SHACL Drone Configuration - landrs-toolkit/landrs-drone-TOAST GitHub Wiki
The Problem
Using Knowledge Graphs to configure the data acquisition section of scientific drones provides the opportunity to provide both context to the data and allow constraints to be applied to the data to make sure the correct relationships are adhered to.
When implementing Knowledge Graphs in a drone environment it is tempting to hard code the graph directly using RDFLib. While this is straightforward, any changes to the knowledge graph will require code updates to mirror the change. This is particularly problematic when implementing immature ontologies such as LANDRS where rapid changes by the knowledge engineers would need to be followed by the software engineers.
SHACL to the rescue
The Shapes Constraint Language (SHACL) is a language for validating RDF graphs against a set of conditions and can be used to validate graph implementations (i.e. the edge relationships are correct and there are the right number of them). It is also possible to use shape files as a prior to ensure compliance, and this has seen increased use in generating input forms that yield correctly formed data for generating graph node instances.
Concept
The LANDRS DroneDataBuddy software will be implemented as a thin layer between the drone hardware and the knowledge graphs. i.e. the code will be "knowledge graph agnostic" but provide the following abilities,
- auto-generate input forms for the user to configure the drone data acquisition process (i.e. set up missions)

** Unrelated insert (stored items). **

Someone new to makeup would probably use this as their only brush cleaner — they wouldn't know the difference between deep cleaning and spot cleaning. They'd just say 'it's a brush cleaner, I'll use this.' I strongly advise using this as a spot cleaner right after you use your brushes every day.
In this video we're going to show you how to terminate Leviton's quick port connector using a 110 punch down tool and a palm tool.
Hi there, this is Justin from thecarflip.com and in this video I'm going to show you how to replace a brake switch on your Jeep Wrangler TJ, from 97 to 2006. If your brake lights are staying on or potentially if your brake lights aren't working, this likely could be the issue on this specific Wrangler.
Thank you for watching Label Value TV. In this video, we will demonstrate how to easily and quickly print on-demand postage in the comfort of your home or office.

- collect drone generated data and push to a compliant storage graph, or other "semantically" defined storage method.
We will use SHACL shape files to provide the graph agnostic functionality, it should be possible to change the knowledge graph/SHACL without updating the software. See figure below.
Implementation
We will provide the example of implementing the KG for a flight/mission. This will have the following stages,
- Form input for flight/mission generation, the user will be presented with a auto-generated form to populate with the required flight information
- The flight, the drone will acquire data such as GPS, CO2 readings etc. which must be stored in a context compliant manner
- Post flight finalization, after the flight the data must be updated with end times and added to data collections etc.
Each of these stages are documented below.

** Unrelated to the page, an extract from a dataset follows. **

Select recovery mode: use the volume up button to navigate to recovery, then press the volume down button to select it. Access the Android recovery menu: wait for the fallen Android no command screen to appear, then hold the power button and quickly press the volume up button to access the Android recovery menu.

Form input for flight/mission generation
There are a number of problems to consider
- Graph nodes will be partially configured, for example start and end times will not be known
- We need to generate the relevant graph node instances for the flight. however these nodes need to connect to existing node instances of the KG, I have termed this the "boundary graph"
Approach
Form
I have created a separate Shape graph (you can find it here https://github.com/landrs-toolkit/landrs-drone-TOAST/blob/master/ttl/flight_shapes.ttl) to define the required nodes and the mandatory edges, and labeled the SHACL nodes as Flight_shape
. e.g.
landrs:Flight_ObservationCollectionShape
a sh:NodeShape ;
sh:targetClass sosa:ObservationCollection ;
rdfs:label 'Flight_shape' ;
sh:property [
sh:path prov:wasInformedBy ;
sh:nodeKind sh:IRI ;
sh:class landrs:Flight ;
sh:severity sh:Violation ;
sh:minCount 1 ;
sh:maxCount 1 ;
sh:severity sh:Violation ;
] ...
I have labeled edges (defined by a sh:property
) that connect to "boundary nodes" with rdfs:label 'graph_boundary'
, e.g.
sh:property [
sh:path rdfs:label ;
sh:name 'flight_collection' ;
sh:datatype xsd:string ;
rdfs:label 'graph_boundary' ;
sh:description 'Flight collection name' ;
sh:defaultValue '$flight_name,flight_collection' ;
sh:minCount 1 ;
sh:maxCount 1 ;
sh:severity sh:Violation ;
] ;
To determine the form inputs we just parse the graph for graph_boundary
properties. The form can then be generated according to the type. e.g. sh:datatype xsd:string
will generate a text box for input, sh:class sosa:ObservableProperty
will generate an option list of available Observable Properties etc. We use sh:order
to order the form elements and can have defaults using sh:defaultValue
.
There are a couple of enhancements, for example we need a mission file that we use to extract a geometry for the flight. This would work with a text input but is a poor user experience as you need to know the file location, we need an option box. I introduced a set of reserved keywords. In the software config. (ini) file,
mission_file = ../ardupilot/Tools/autotest/ArduPlane_Tests/Mission/
mission_file_mode = FILES
which matches SHACL,
sh:property [
sh:path ssn:hasInput ;
sh:name "mission_file" ;
sh:datatype xsd:string ;
rdfs:label 'graph_boundary' ;
sh:description 'Select mission file' ;
sh:defaultValue '../ardupilot/Tools/autotest/ArduPlane_Tests/Mission/CMAC-soar.txt' ;
sh:minCount 1 ;
sh:maxCount 1 ;
sh:severity sh:Violation ;
sh:order 2 ;
] ;
In this case when we see a sh:name
is a reserved keyword we look for its MODE and then change the form accordingly. We notice that we used sh:defaultValue
to define our preferred file and the ini entry gives the file location to search for files.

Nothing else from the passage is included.